The distillery specializes in unique spirits like heirloom Colorado wheat and Antero whiskeys, a gin made with native Colorado botanicals and the mezcal-like cactus spirit produced from mesquite-smoked prickly pear. The name Dry Land hearkens to the high desert and prairies of the American West where the founders, Aaron Main, Nels Wroe and Marc Staats, call home. To add to the celebration of the new location, Dry Land Distillers released a new light whiskey, along with the batch of their barrel-aged reposado cactus spirit.
“Both of the spirits were timed to release with the opening of our new tasting room,” Wroe said. “They’re limited releases, so once the bottles run out that’s it.”
When Dry Land Distillers first opened in 2018, its tasting room and production were limited to the small space tucked in the back of the building at 471 Main Street. The founders knew they would outgrow the space eventually.
Purchasing the building took two years of convincing, according to Wroe. Owned by former Longmont Mayor Roger Lang, he was initially hesitant to sell the property but Dry Land Distillers managed to convince him.

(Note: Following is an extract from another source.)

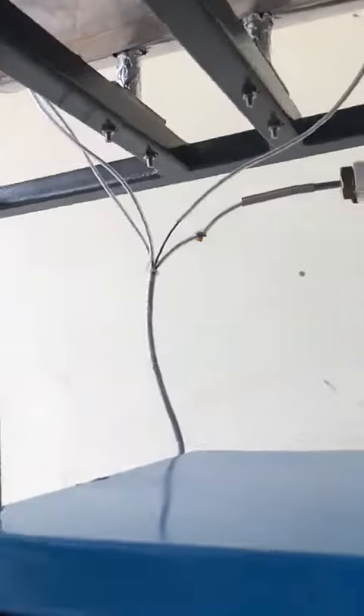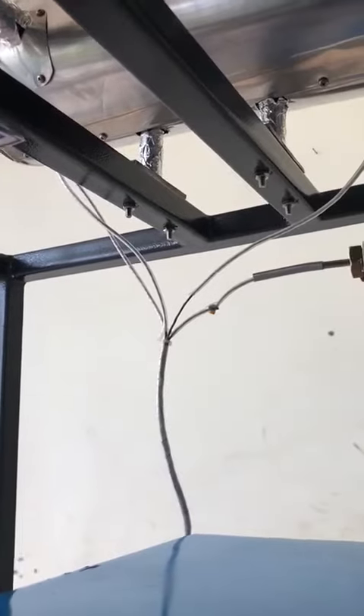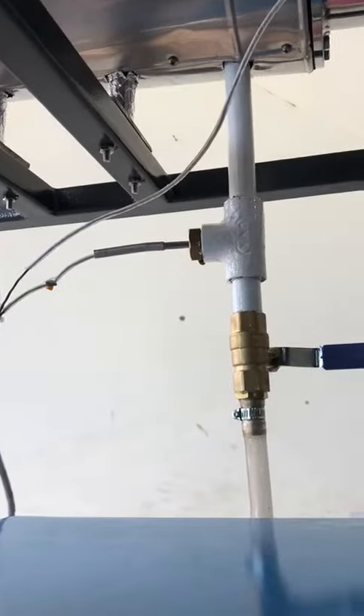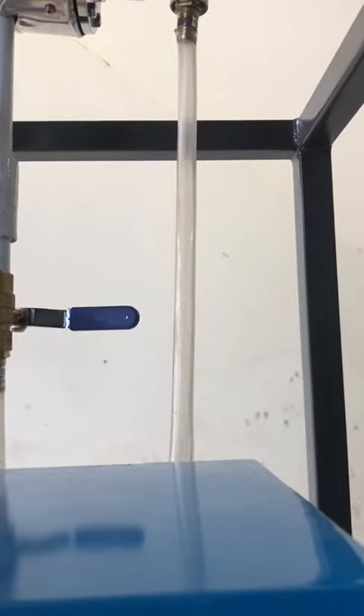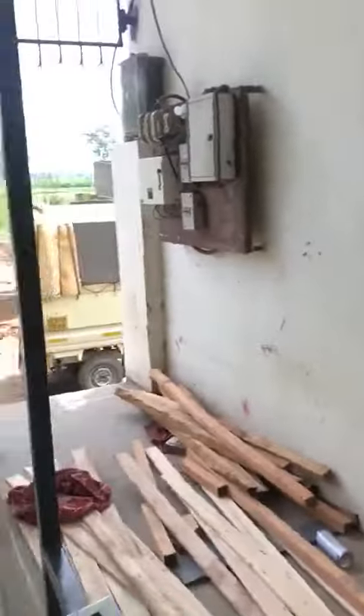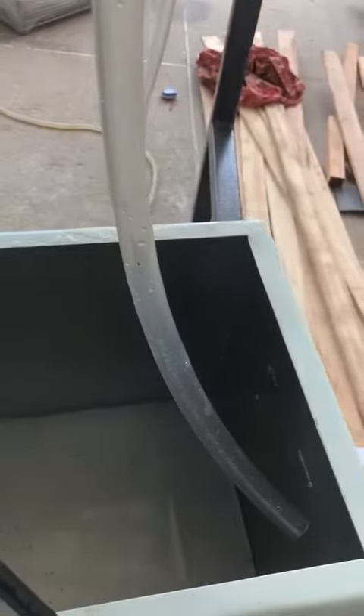Somewhere there is a condenser and the stream will go through this pipe — it is totally insulated. After that the stream will go to the condenser and condense over here. Then we will take a sample from here; at this point there is a sampling tank.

“We’re so grateful to Roger Lang. He could’ve sold it to anybody, but he took a chance on us,” Wroe said.
The new location is a historical property. Originally the home of the Valley Farm Dairy in the 1930s, the building has been home to a yoga studio, the Longmont Symphony and more. The southern wall of the tasting room is the original ceramic block from the dairy. According to Wroe, working with the material proved tricky but was well worth the effort to honor the local legacy.
The interior of the space pays homage to that history, according to Wroe, with a unique hybrid of modern and 1960s aesthetic in the decor. The cabinets and wood aesthetics in the tasting room and bar are local red cedar and cottonwood. The screen blocks that make up the western wall of the tasting room were custom-made from Durango.
“Our cabinets are made from one giant cottonwood tree that was cut down in Boulder and the folks at Dancing Grains in Boulder did a beautiful job,” Wroe said. “We really tried to get the details right from local crafts people.”
Wroe said staying Colorado local as often as possible has been a priority since Dry Land started. Much of their equipment comes from local manufacturers like Broomfield’s Rod & Forge and Rocky Mountain Vessels out of Montrose. Interior design and construction of the new location were handled by OPA Designs and Poudre Valley Construction, both Colorado companies.
For the time being, Wroe and company will still use the old space at 471 Main Street for production while they wait for new stills to be built. Wroe was hopeful that production in their new home would fully come online by September 2021. The distillery is selling shares of what Wroe is calling “barrel zero,” the first barrel of whiskey produced in the new location, with bottles and progress tastings for members of the program.
The Dry Land Distillers tasting room is open Thursday through Saturday, reservations are not required.